▶ Your instructions
Without including the pictures, copy each line below exactly as it reads.
*** Opening Provided data ***
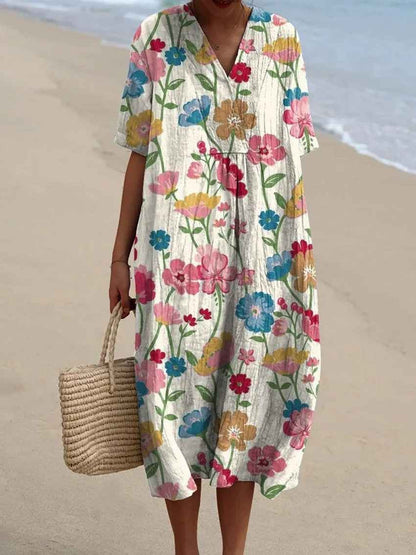 Eleanor Floral Embroidered V-Neck Cotton Blend Women's Midi Dress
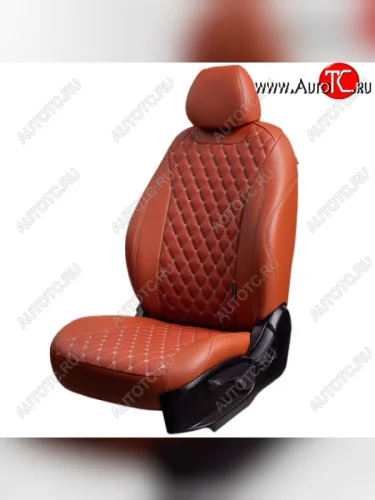 Комплект чехлов для сидений (Орегон) БАЙРОН РОМБ Lord Autofashion (коричневый, вставка св-коричневы, строчка беж) Audi Q3 F3 (2018-2022)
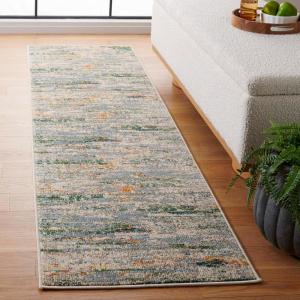 SAFAVIEH Madison Collection Area Rug – 5’3″ x 7’6″, Grey & Turquoise, Boho Abstract Distressed Design, Non-Shedding & Easy Care, Ideal for High Traffic Areas in Living Room, Bedroom (MAD419F)(Green/Blue)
*** Closing Provided data ***
▶ Solution for this exercise
 Eleanor Floral Embroidered V-Neck Cotton Blend Women's Midi Dress
 Комплект чехлов для сидений (Орегон) БАЙРОН РОМБ Lord Autofashion (коричневый, вставка св-коричневы, строчка беж) Audi Q3 F3 (2018-2022)
 SAFAVIEH Madison Collection Area Rug – 5’3″ x 7’6″, Grey & Turquoise, Boho Abstract Distressed Design, Non-Shedding & Easy Care, Ideal for High Traffic Areas in Living Room, Bedroom (MAD419F)(Green/Blue)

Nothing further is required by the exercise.